YOUR GOAL
Reproduce the data in full, exactly as given, leaving images out.

PROVIDED DATA
= Beginning of Section =
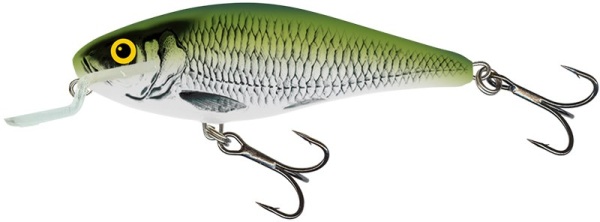 detail Salmo wobler Executor Shallow Runner Real 7cm / 8g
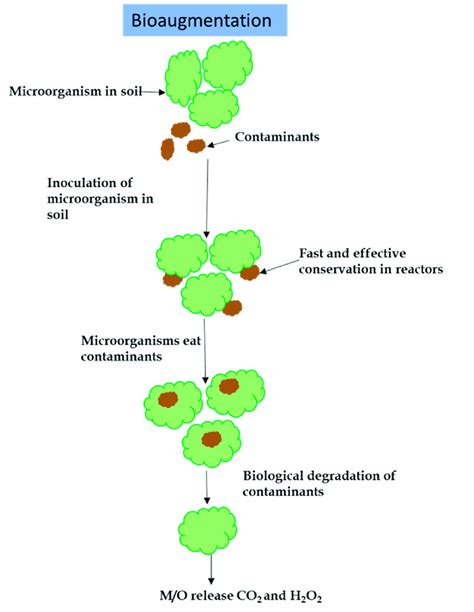 Bioaugmentation: the degradation of contaminants by microorganisms ...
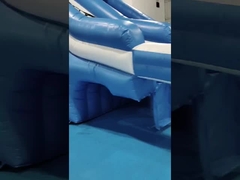 Commercial Outdoor Gigante Deslizamento de Água Inflável Pulpo Deslizamento de Água Inflável Cartoon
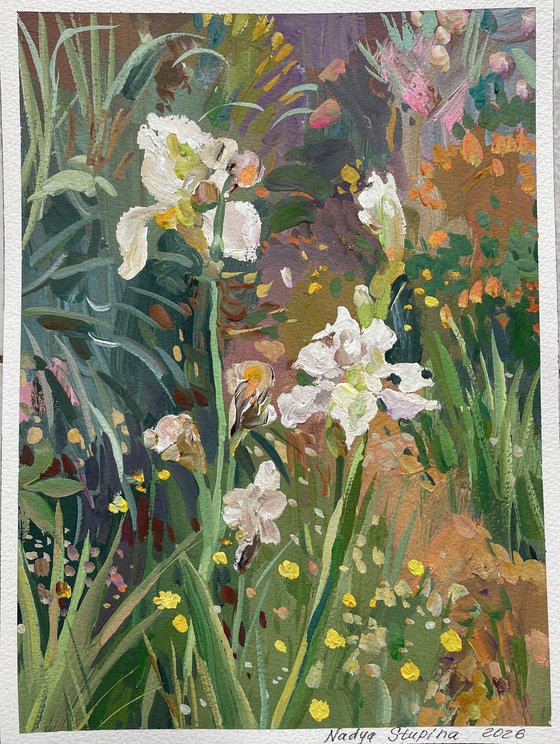 White irises in the garden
= End of Section =
RESPONSE FOR THIS EXERCISE
 detail Salmo wobler Executor Shallow Runner Real 7cm / 8g
 Bioaugmentation: the degradation of contaminants by microorganisms ...
 Commercial Outdoor Gigante Deslizamento de Água Inflável Pulpo Deslizamento de Água Inflável Cartoon
 White irises in the garden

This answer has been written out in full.